Initial treatment mirrors the rheumatoid arthritis approach: two 1,000 mg infusions two weeks apart. Maintenance begins at month 12 with a 500 mg infusion, then every six months after that. If a relapse occurs, a single 1,000 mg infusion is given, with no repeat dose sooner than 16 weeks later.

What Infusion Reactions Feel Like

Infusion-related reactions are the most common side effect, and they range from mild to life-threatening. Mild reactions include chills, fever, and itching. More serious reactions can involve hives, a sudden drop in blood pressure, swelling of the throat or face, difficulty breathing, wheezing, or chest tightness. In rare cases, reactions have included heart complications and severe breathing problems requiring emergency intervention.

Most serious reactions happen during or shortly after the first infusion, but they can occur up to 24 hours later. This is why rituximab is only given in a healthcare setting with staff and equipment ready to manage a severe reaction. You’ll be observed after each infusion before being sent home, and you should have a plan for how to get medical help if symptoms develop after you leave.

Reactions become less common with each subsequent infusion. Many people who had mild symptoms during their first dose experience little or nothing during later treatments.
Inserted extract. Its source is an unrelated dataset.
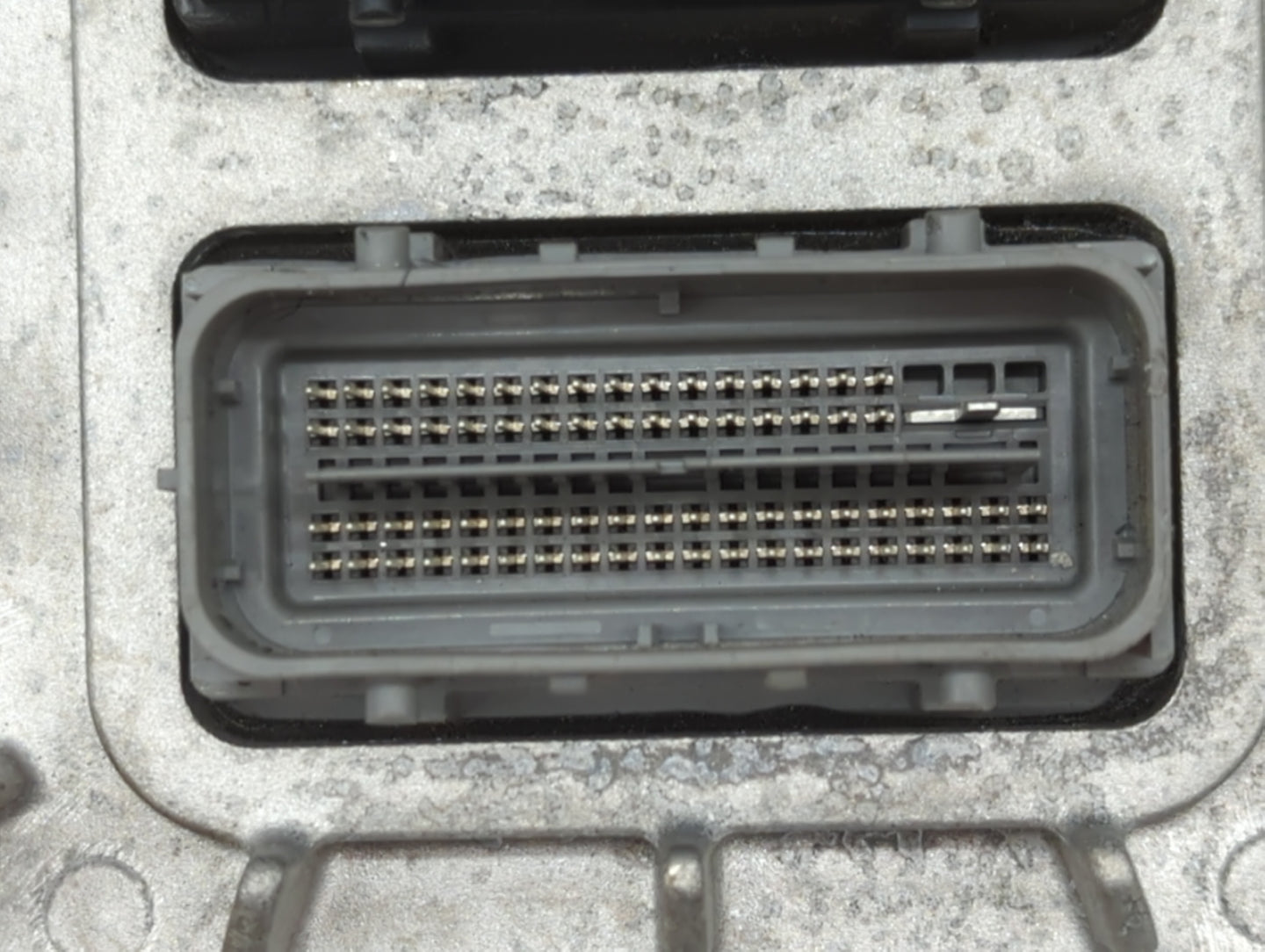 2018 Chevrolet Traverse PCM Engine Control Computer ECU ECM PCU OEM P/N:12687483 12698026, 12673932 Fits Fits 2016 2017 2019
What to Expect on Infusion Day

Plan for a long visit, especially for your first infusion. Between check-in, premedication, the infusion itself, and the observation period afterward, a first session can take most of a day. Bring something to pass the time. Subsequent visits are shorter, particularly if you qualify for a faster infusion rate or switch to the subcutaneous injection.

You’ll want someone to drive you home after your first infusion, since the premedication can cause drowsiness and there’s a small chance of a delayed reaction. Fatigue in the days following an infusion is common. Some people also experience headaches, mild nausea, or muscle aches that resolve within a day or two.